Three implementations I tried:
Version 1 — using a custom Stack<string> class with a switch inside a helper:
function evalRPN(tokens: string[]): number {
const stack = new Stack<string>();
const symbols = ['+', '-', '*', '/'];
function applyOperation(a: number, b: number, op: string) {
switch (op) {
case '+': return a + b;
case '-': return a - b;
case '*': return a * b;
case '/': return Math.trunc(a / b);
}
}
for (const token of tokens) {
if (!symbols.includes(token)) {
stack.push(token);
} else {
const b = parseInt(stack.pop());
const a = parseInt(stack.pop());
stack.push(String(applyOperation(a, b, token)));
}
}
return parseInt(stack.pop());
}
Version 2 — using a native number[] array as the stack and a lookup table for ops:
function evalRPN(tokens: string[]): number {
const stack: number[] = [];
const ops: Record<string, (a: number, b: number) => number> = {
'+': (a, b) => a + b,
'-': (a, b) => a - b,
'*': (a, b) => a * b,
'/': (a, b) => Math.trunc(a / b),
};
for (const token of tokens) {
if (token in ops) {
const b = stack.pop()!;
const a = stack.pop()!;
stack.push(ops[token](a, b));
} else {
stack.push(Number(token));
}
}
return stack.pop()!;
}
Version 2 is strictly better: no string↔number conversion on every push/pop, token in ops is O(1) vs symbols.includes(token) which is O(4), and the ops lookup table eliminates the switch. The native number[] as a stack (using .push / .pop) is idiomatic TypeScript — no need for a custom class.

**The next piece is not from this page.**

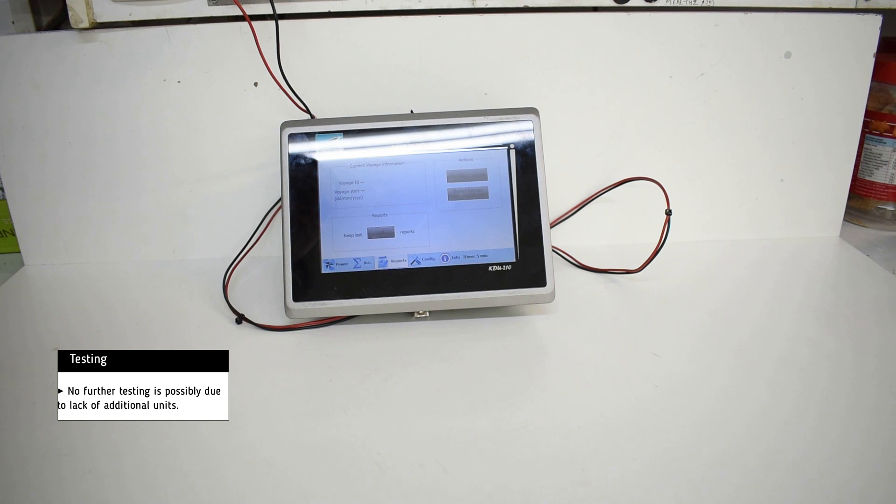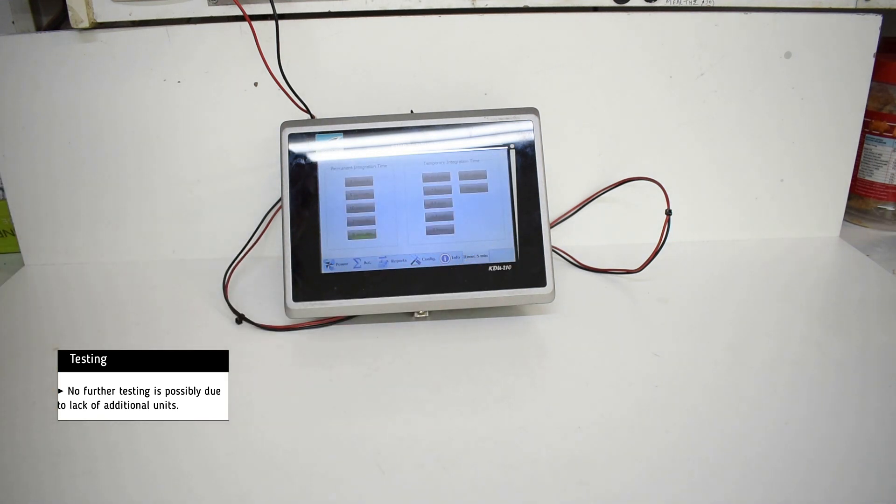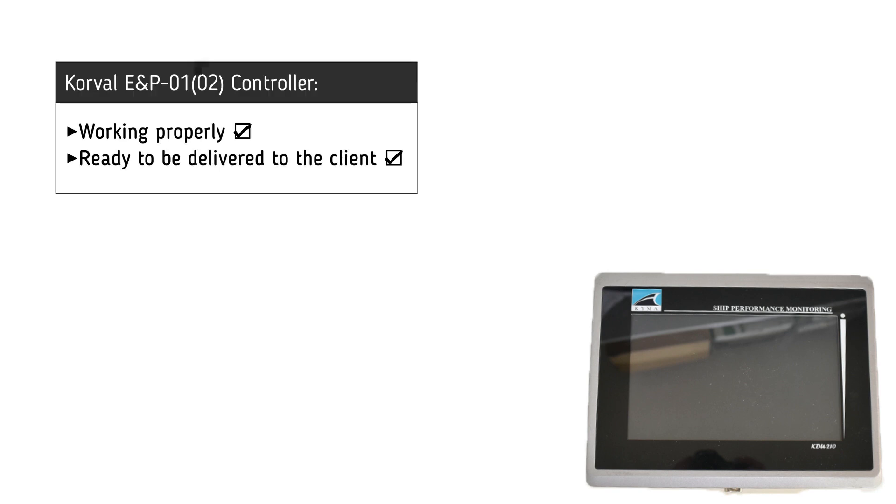No further testing is possible due to lack of additional units. It is now clear that the Kyma Display Unit is working successfully and it is ready to be delivered to the customer. Thank you.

The critical ordering: b = pop() before a = pop(). In RPN, the second-popped value is the left operand. Getting this backwards silently breaks subtraction and division.
Complexity: O(n) time, O(n) space (stack depth bounded by input length).
Q3. Exclusive Time of Functions
Given CPU function logs (
id:start|end:timestamp), return the exclusive execution time for each function.
The Insight
This is the hardest of the three. Functions nest (via recursive calls), so the exclusive time of a function is its total elapsed time minus any time stolen by functions it called. A stack naturally models the call stack; the key is tracking intervals rather than absolute timestamps.
function exclusiveTime(n: number, logs: string[]): number[] {
const res = new Array<number>(n).fill(0);
const stack: number[] = [];
let prevTime = 0;
for (const log of logs) {
const [idStr, status, timeStr] = log.split(":");
const id = Number(idStr);
const timestamp = Number(timeStr);
if (status === "start") {
// Credit elapsed time to whatever was running (top of stack)
if (stack.length > 0) {
res[stack[stack.length - 1]] += timestamp - prevTime;
}
stack.push(id);
prevTime = timestamp;
} else {
// Function ends: credit it for [prevTime, timestamp] inclusive (+1)
res[stack.pop()!] += timestamp - prevTime + 1;
prevTime = timestamp + 1; // next interval starts after this timestamp
}
}
return res;
}
Why + 1 on end events? Timestamps are discrete units. A function that starts at t=2 and ends at t=5 ran for units {2, 3, 4, 5} — that’s 4 units, not 3. end - start + 1 = 5 - 2 + 1 = 4. ✓
Why prevTime = timestamp + 1 after an end? When a nested function returns, the parent resumes at the next timestamp. If we used prevTime = timestamp, the parent would double-count the end timestamp.
Walking through Example 1: ["0:start:0","1:start:2","1:end:5","0:end:6"]
| Event | Stack | prevTime | Action |
|---|---|---|---|
0:start:0 | [0] | 0 | Push fn0, prevTime=0 |
1:start:2 | [0,1] | 2 | fn0 gets 2-0=2 units, push fn1 |
1:end:5 | [0] | 6 | fn1 gets 5-2+1=4 units, prevTime=6 |
0:end:6 | [] | 7 | fn0 gets 6-6+1=1 unit |
Result: [2+1, 4] = [3, 4] ✓
Complexity: O(L) time where L = number of log entries, O(n) space for the result and stack.
Takeaways from the Stack Unit
- Native array as stack (
push/pop) is idiomatic and avoids unnecessary abstraction. - Operator lookup tables (
Record<string, fn>) beatswitchstatements for dispatch — O(1), extensible, and cleaner. - Interval accounting with
prevTimeis the core pattern for scheduling/CPU problems: charge each interval to whoever was running when it started, then updateprevTimeto mark where the next interval begins.